Le Parti communiste de l’Inde marxiste (PCI-M) dénonce ainsi une politique qui appauvrit les plus pauvres. « Voici Modi Antoinette disant “s’ils n’ont pas de liquide, qu’ils utilisent leur carte de crédit !” » a fustigé Sitaram Yechury, le secrétaire général du PCI-M, parodiant la reine de France avant de préciser que « le taux de suicide des paysans sous le gouvernement de Modi avait augmenté de 26 % ». Selon le dirigeant, de nombreux paysans qui croulent déjà sous les dettes ont par ailleurs été obligés de vendre leur récolte à prix cassés sur le marché. Après les manifestations massives des agriculteurs en 2015 contre une réforme gouvernementale visant à faciliter les réquisitions de terres pour l’industrie, la grève et les manifestations s’étendent aujourd’hui à de nombreux secteurs. Et la démonétisation crée des remous jusque dans la majorité. Du fait des invendus, les commerçants ont été obligés de jeter des denrées périssables et nombre de travailleurs journaliers ne trouvent plus d’emplois car les petits patrons manquent également de nouvelles coupures. La presse indienne regorge de témoignages de ventres vides au cœur d’une population qui représente déjà un quart de la population sous-alimentée dans le monde.

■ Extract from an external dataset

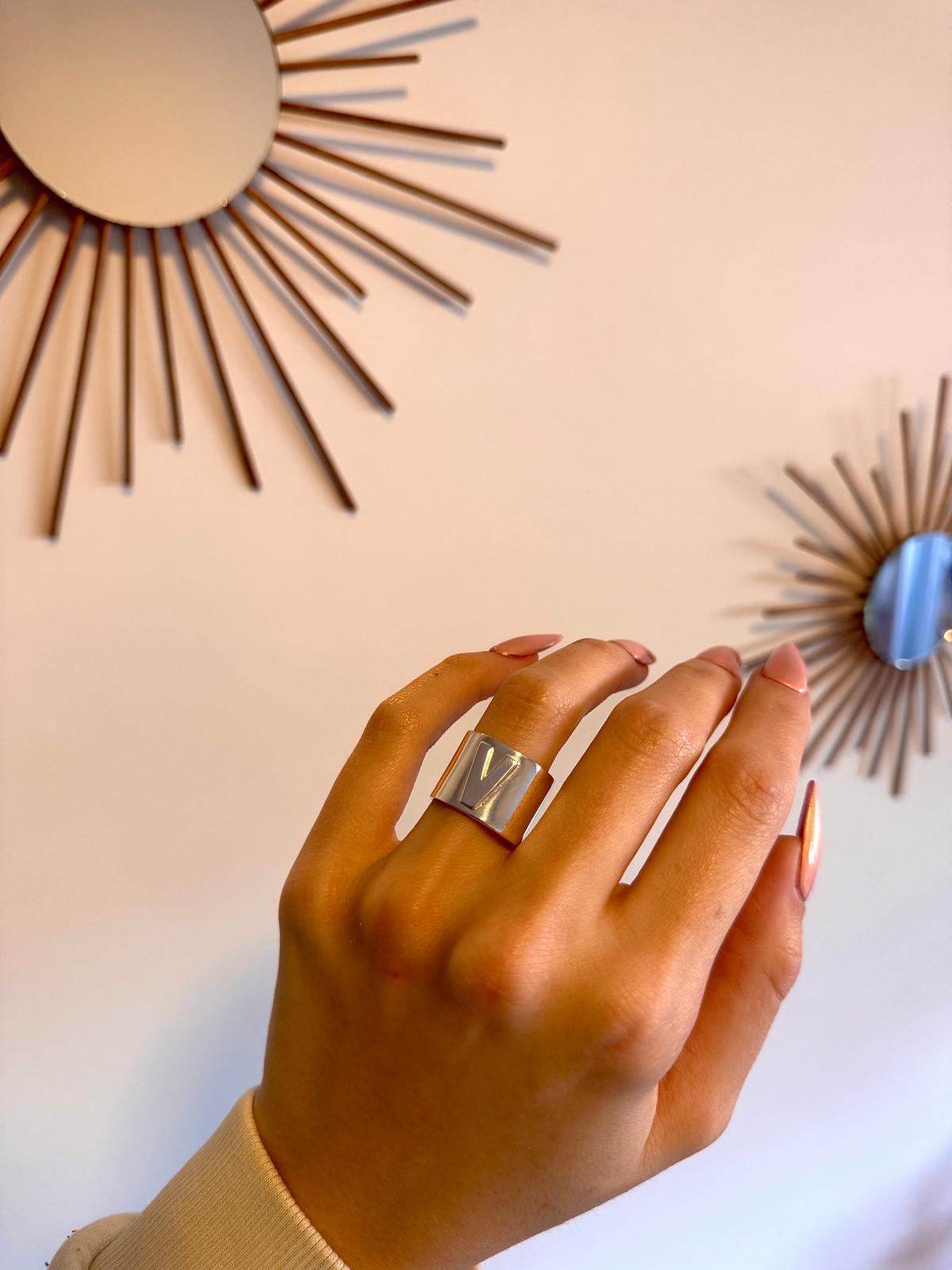 Anillos con inicial cerrado atras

Les petits commerçants ont été invités à faire crédit à leurs clients. Une solution d’urgence intenable à terme. « Les moins favorisés paient le prix fort pour les erreurs financières de la classe privilégiée », commente la sociologue Ashis Nandy. S’agit-il réellement d’erreurs ? Beaucoup dénoncent un plan préparé sur un coin de table dont aucun des instigateurs n’avait mesuré les conséquences. Mais le projet avait savamment été élaboré par l’Agence américaine de développement international, l’Usaid, qui a négocié des accords de coopération avec le ministère indien des Finances à condition de diminuer l’utilisation de l’argent liquide en faveur de moyens de paiement électroniques afin de favoriser ses propres intérêts économiques et l’ouverture de l’Inde aux capitaux étrangers. Ou quand la guerre au cash fait des millions de victimes.